Data for the task START

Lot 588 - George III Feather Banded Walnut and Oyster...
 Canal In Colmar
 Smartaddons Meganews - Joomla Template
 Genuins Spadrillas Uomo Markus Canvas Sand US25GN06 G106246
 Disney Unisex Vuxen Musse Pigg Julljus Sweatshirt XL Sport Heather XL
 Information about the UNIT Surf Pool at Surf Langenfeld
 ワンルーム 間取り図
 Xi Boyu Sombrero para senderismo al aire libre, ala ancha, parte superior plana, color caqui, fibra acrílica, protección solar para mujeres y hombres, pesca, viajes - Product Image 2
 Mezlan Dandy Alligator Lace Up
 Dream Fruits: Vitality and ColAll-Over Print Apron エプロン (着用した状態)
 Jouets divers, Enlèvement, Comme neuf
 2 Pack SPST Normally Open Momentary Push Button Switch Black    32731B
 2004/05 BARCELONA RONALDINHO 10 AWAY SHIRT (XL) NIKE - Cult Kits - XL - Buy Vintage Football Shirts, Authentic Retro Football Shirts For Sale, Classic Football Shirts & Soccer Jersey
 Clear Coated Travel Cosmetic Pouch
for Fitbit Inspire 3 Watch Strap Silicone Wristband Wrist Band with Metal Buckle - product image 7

Data for the task END

Task statement: Copy exactly the line that contains "Mezlan Dandy Alligator Lace Up" and all lines after it in the listing above, through the final line, and nothing else.

Output for this task:
 Mezlan Dandy Alligator Lace Up
 Dream Fruits: Vitality and ColAll-Over Print Apron エプロン (着用した状態)
 Jouets divers, Enlèvement, Comme neuf
 2 Pack SPST Normally Open Momentary Push Button Switch Black    32731B
 2004/05 BARCELONA RONALDINHO 10 AWAY SHIRT (XL) NIKE - Cult Kits - XL - Buy Vintage Football Shirts, Authentic Retro Football Shirts For Sale, Classic Football Shirts & Soccer Jersey
 Clear Coated Travel Cosmetic Pouch
for Fitbit Inspire 3 Watch Strap Silicone Wristband Wrist Band with Metal Buckle - product image 7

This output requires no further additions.